* **Data for the task**:
+===+

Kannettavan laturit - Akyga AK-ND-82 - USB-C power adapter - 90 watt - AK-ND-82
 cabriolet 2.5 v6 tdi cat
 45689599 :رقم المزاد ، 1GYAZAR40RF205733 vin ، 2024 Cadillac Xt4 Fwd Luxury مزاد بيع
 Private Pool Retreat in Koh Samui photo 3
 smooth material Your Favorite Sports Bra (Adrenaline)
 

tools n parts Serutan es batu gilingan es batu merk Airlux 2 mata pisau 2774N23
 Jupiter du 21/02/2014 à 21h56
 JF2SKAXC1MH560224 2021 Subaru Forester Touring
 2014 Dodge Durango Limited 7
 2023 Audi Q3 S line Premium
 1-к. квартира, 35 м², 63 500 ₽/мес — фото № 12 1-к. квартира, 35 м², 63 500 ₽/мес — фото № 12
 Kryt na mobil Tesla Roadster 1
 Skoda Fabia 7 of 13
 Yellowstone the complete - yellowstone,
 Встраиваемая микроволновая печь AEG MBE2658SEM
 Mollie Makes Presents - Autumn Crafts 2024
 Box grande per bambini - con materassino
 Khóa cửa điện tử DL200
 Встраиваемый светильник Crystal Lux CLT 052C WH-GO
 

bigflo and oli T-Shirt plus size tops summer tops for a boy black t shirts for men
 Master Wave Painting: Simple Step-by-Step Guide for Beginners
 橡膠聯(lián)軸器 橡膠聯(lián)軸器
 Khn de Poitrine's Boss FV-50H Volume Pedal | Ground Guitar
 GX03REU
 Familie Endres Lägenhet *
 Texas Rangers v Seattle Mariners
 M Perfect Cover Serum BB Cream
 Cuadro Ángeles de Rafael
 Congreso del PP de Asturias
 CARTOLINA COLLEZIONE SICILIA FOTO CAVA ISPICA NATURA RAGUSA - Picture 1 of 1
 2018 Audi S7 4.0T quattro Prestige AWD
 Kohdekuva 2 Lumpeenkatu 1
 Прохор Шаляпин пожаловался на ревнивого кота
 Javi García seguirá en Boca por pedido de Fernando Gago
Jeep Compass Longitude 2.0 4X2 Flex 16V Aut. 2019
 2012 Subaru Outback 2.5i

+===+

* **What you should do**: Within the records, filter for lines that contain the word "Subaru" and show each one.

* **Reply**:
 JF2SKAXC1MH560224 2021 Subaru Forester Touring
 2012 Subaru Outback 2.5i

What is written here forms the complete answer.